IklanIklanLaut Cina Selatan+ IKUTIMengunduh lebih banyak dengan myNEWSUMPAN berita yang dipersonalisasi dari cerita yang penting bagi AndaPelajari lebih lanjutMinggu ini di AsiaPolitik

  • Asia Tenggara menyambut kehadiran India ‘dengan tangan terbuka’ sebagai cara untuk mengimbangi meningkatnya ketegasan Tiongkok, demikian ungkap pengamat yang berbasis di New Delhi
  • Jerman juga secara terpisah mengirim kapal perang ke wilayah itu awal bulan ini untuk mendukung “tatanan berbasis aturan internasional”, kata kepala pertahanannya

Laut Cina Selatan+ FOLLOWMaria Siow+ FOLLOWPublished: 5:30pm, 20 May 2024Mengapa Anda bisa percaya SCMPIndia telah mengirim kapal perang ke Laut Cina Selatan bulan ini, dalam sebuah langkah yang dirancang untuk mengirim Beijing “pengingat halus” tentang pentingnya menegakkan hukum internasional, kata para analis.

Meskipun ada bahaya bahwa kapal-kapal itu dapat memprovokasi “tanggapan agresif” dari China, pengamat yang berbasis di New Delhi mengatakan kepada This Week in Asia bahwa wilayah itu menyambut kehadiran India “dengan tangan terbuka”.

Kapal perusak rudal India INS Delhi, kapal tanker armada INS Shakti dan pemburu kapal selam INS Kiltan tiba di Singapura pada 6 Mei untuk memperkuat “persahabatan dan kerja sama”, kata juru bicara angkatan laut India Komandan Vivek Madhwal pada saat itu. INS Kiltan kemudian berlayar ke Teluk Cam Ranh Vietnam, tiba pada 12 Mei untuk pertukaran dan latihan maritim bersama dengan angkatan laut Vietnam. Pada hari yang sama, INS Delhi dan INS Shakti tiba di Kota Kinabalu Malaysia untuk mengambil bagian dalam latihan maritim. Secara terpisah, Jerman mengirim dua kapal perang pada 7 Mei untuk menunjukkan “kehadiran di Indo-Pasifik dalam mendukung tatanan berbasis aturan internasional” di tengah meningkatnya ketegangan regional, demikian ungkap Menteri Pertahanan Boris Pistorius.

Pengerahan angkatan laut semacam itu berfungsi sebagai “pengingat halus bagi Beijing tentang pentingnya mematuhi norma-norma internasional dan menghormati hukum maritim”, kata Abhijit Singh, kepala Inisiatif Kebijakan Maritim think tank Observer Research Foundation yang berbasis di Delhi, menambahkan bahwa itu adalah “sinyal penting dari keprihatinan internasional mengenai pelanggaran”.

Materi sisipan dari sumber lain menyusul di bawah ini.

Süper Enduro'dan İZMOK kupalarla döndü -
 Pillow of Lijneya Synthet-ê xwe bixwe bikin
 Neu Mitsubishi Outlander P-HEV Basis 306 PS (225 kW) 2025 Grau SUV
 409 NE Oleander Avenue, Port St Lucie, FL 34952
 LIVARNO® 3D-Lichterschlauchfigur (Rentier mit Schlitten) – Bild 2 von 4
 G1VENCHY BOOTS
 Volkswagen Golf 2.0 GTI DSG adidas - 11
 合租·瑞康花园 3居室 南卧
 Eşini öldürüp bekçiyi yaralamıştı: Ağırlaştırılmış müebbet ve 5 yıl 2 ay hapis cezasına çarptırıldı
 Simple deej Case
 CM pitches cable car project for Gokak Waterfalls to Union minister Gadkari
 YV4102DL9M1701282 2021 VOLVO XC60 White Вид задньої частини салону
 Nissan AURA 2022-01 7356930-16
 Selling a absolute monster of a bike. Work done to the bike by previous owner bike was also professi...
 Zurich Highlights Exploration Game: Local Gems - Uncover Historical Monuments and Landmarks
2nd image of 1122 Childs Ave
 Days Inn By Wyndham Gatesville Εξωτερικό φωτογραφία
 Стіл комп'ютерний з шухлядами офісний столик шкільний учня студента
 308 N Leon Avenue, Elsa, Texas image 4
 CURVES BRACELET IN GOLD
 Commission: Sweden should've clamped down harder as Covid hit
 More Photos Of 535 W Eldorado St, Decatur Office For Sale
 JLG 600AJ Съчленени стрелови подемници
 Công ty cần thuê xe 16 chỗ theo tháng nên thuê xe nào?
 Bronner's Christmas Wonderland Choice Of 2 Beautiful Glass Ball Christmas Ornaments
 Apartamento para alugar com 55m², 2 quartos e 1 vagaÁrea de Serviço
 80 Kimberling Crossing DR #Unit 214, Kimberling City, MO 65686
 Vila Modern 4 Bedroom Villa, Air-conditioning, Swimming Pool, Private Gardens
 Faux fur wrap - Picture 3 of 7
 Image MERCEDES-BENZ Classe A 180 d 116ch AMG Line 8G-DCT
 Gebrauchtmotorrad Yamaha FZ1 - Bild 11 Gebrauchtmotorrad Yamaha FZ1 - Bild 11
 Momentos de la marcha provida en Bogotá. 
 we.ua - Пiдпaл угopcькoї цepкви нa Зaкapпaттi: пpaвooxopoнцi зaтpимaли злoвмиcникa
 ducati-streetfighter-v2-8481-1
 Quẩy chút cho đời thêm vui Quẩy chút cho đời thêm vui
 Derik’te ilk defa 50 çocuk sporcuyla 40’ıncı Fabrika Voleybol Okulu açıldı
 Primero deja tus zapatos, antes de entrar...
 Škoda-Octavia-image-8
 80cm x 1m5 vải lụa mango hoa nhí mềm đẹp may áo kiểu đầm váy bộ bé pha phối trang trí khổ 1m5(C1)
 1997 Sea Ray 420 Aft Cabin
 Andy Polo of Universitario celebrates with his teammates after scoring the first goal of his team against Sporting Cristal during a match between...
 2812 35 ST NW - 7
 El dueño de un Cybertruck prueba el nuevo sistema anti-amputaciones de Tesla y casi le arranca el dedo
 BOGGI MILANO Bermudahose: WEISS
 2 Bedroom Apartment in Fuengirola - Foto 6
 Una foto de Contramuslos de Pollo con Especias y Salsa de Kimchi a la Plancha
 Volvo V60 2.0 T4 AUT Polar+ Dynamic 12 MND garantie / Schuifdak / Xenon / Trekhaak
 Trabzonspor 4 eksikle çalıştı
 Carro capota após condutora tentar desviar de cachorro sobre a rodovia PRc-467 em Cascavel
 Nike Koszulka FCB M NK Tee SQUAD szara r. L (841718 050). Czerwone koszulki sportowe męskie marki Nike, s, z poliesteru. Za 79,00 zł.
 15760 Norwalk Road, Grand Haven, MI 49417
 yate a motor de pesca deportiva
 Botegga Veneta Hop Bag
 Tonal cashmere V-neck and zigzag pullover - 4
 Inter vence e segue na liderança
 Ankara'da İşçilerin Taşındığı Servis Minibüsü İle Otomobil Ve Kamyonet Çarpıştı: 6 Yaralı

“Tanpa front terpadu di antara negara-negara yang berpikiran sama untuk melawan agresi China, Beijing tidak mungkin menganggap pengerahan terisolasi sebagai ancaman signifikan,” katanya.

“Mengingat sumber daya angkatan lautnya yang terbatas dan kepentingan strategisnya terutama berfokus pada Samudra Hindia, India tidak disarankan untuk mengejar strategi konfrontatif di Laut Cina Selatan sendirian.”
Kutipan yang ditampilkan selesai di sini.